Ela é considerada a primeira mulher negra a publicar um livro no Novo Mundo e seu poema mais famoso é On Being Brought from Africa to America (Sobre ter sido trazida de África para a América). Para a pesquisadora Renata Gomes, a escrita de Wheatley se dá com “as entrelinhas”. Seu público, naquela segunda metade do século XVIII, era branco e cristão e, apesar de uma parte ser abolicionista, ainda não estava estabelecida (como jamais esteve no Ocidente) a possibilidade do reconhecimento de uma mulher negra como plenamente humana. Em seu célebre poema, ela cita passagens bíblicas para, aparentemente, justificar a inferioridade de pessoas negras. Porém, de acordo com Renata Gomes, por meio da construção de “uma segunda voz, um segundo eu-lírico”, ela conseguia apresentar um “posicionamento claro de resistência contra a escravização e contra a catequização forçada de escravizados”[3]. Outro recurso utilizado por ela é o ritmo: pela repetição de sons e aliterações, ainda segundo Gomes, a autora imprime uma ironia à sua escrita e abre a possibilidade de outras camadas de significação, em rotas de fuga da aparente fatalidade de destino da condição de escravizada.
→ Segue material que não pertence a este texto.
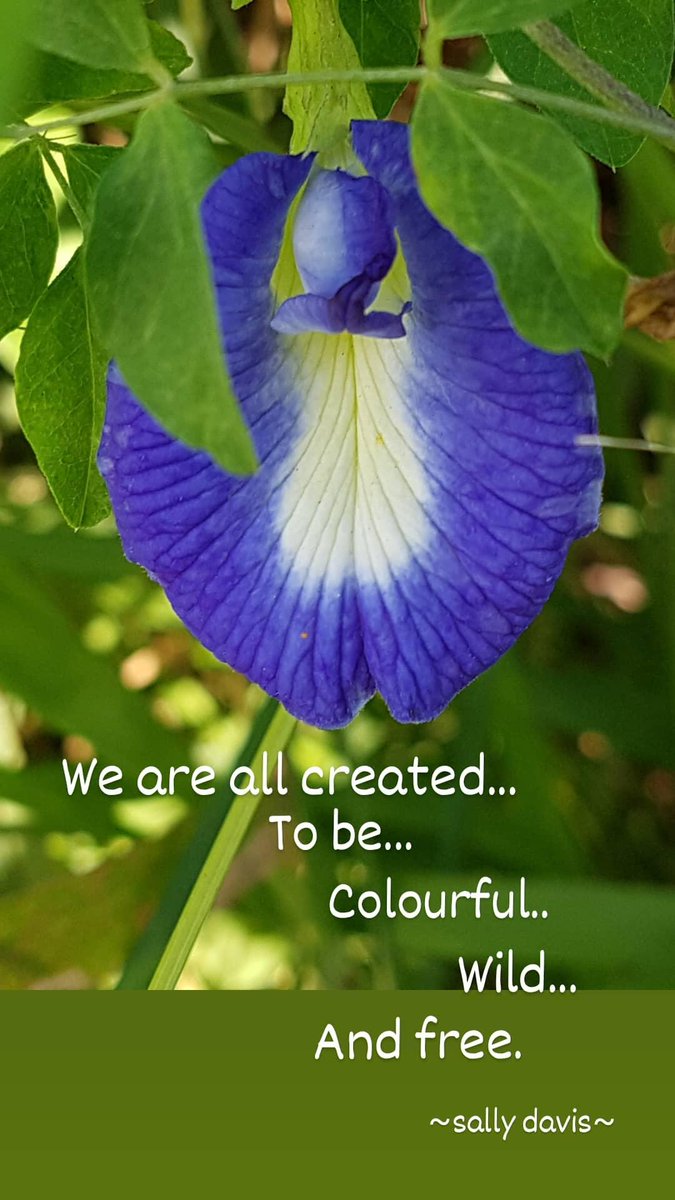 ButterflySoul15's tweet photo. Always believe you're #Enough 
Enjoy your weekend!
#wildflowers #blueflower #MotherNature #antiguaandbarbuda #indigo #BeInspired #greenandblue #lovelife https://t.co/eUNHdfDenI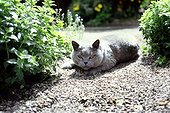 Gray Cat Relaxing in Backyard Garden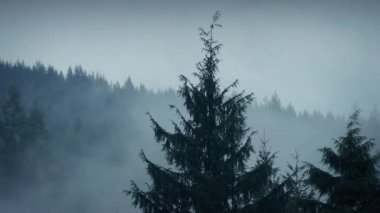 Cip ağaçların üzerinden hareket sis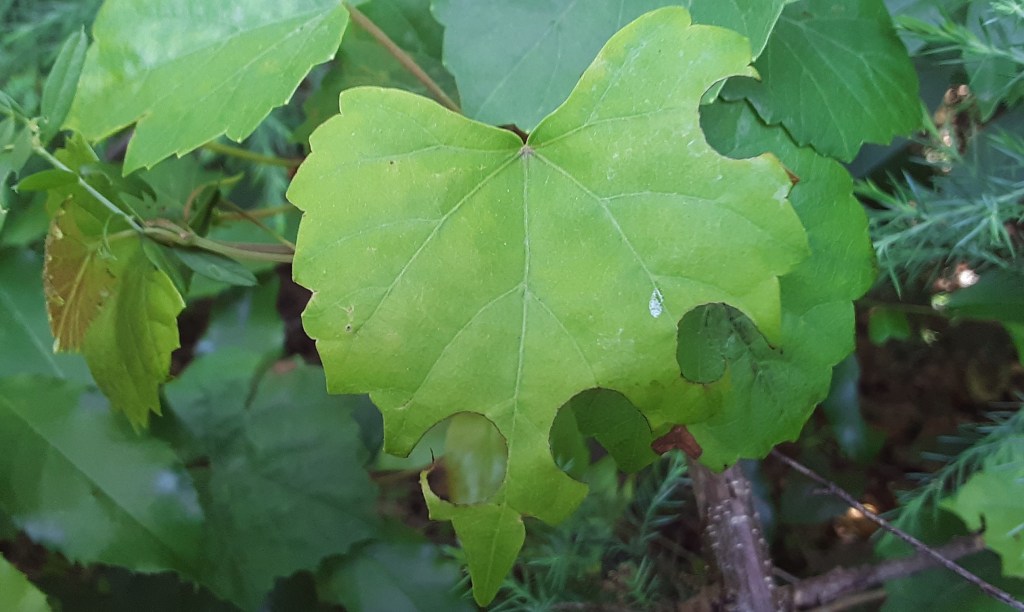 Question of the Week – Leafcutter&nbsp;Bee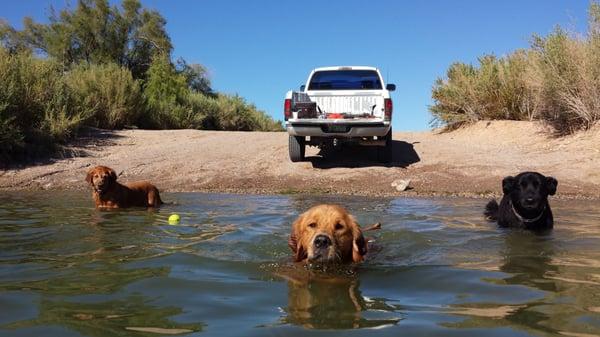 Great drive up beaches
O ritmo do filme que leva o nome da poeta é marcado pelo som de tambores. Tambores rituais, na quase totalidade das manifestações culturais/religiosas africanas, têm a função de estabelecer a comunicação entremundos, entre diferentes dimensões espaço-temporais. Ao incorporar o discurso de Garvey e entrecruzá-lo com o reggae e as imagens do transe de pessoas na rua, a diretora evoca e refigura a libertação e a resistência – o devir-Etiópia – presentes na obra de Wheatley, reencontrando e reativando as rotas de fuga ancestrais traçadas pela poeta.
A ideia de ancestralidade, aqui, é compreendida com Leda Maria Martins, como “um contínuo processo de transformação e de devir”.
Na primazia do movimento ancestral, fonte de inspiração, matiza as curvas de uma temporalidade espiralada, na qual os eventos, desvestidos de uma cronologia linear, estão em processo de uma perene transformação. [...] Nas espirais do tempo, tudo vai e tudo volta. Para Fu-Kiau Busenki (1994:33), nas sociedades nicongo, vivenciar o tempo significa habitar uma temporalidade curvilínea, concebida como um rolo de pergaminho que vela e revela, enrola e desenrola, simultaneamente, as instâncias temporais que constituem o sujeito. (2002, p. 84)
O gesto do filme, portanto, não é o de resgate de uma força cristalizada no passado. Abegaze traz Wheatley ancestral, evidenciando o caráter espiralar do tempo do refúgio e da fuga. Um “continuum das resistências”, como nos lembra Bona.
O paradoxo da fuga do/no tempo
“Como fazer um filme sem o tempo?” Para Denise Ferreira da Silva, que dirige Serpent Rain em parceria com Arjuna Newman, esta é uma pergunta motriz. A noção de tempo é uma das questões principais no pensamento da realizadora/filósofa brasileira radicada no Canadá: o “tempo – ou uma certa, mas abrangente, concepção de tempo linear – está no centro da crítica do materialismo histórico e sua noção de valor que está no filme”. Para ela, “a força ética do tempo é talvez o mais importante obstáculo para um programa político que lide com os desafios do presente global, em particular a abrangência da violência racial e os mecanismos jurídicos coloniais que facilitam o extrativismo.”[4]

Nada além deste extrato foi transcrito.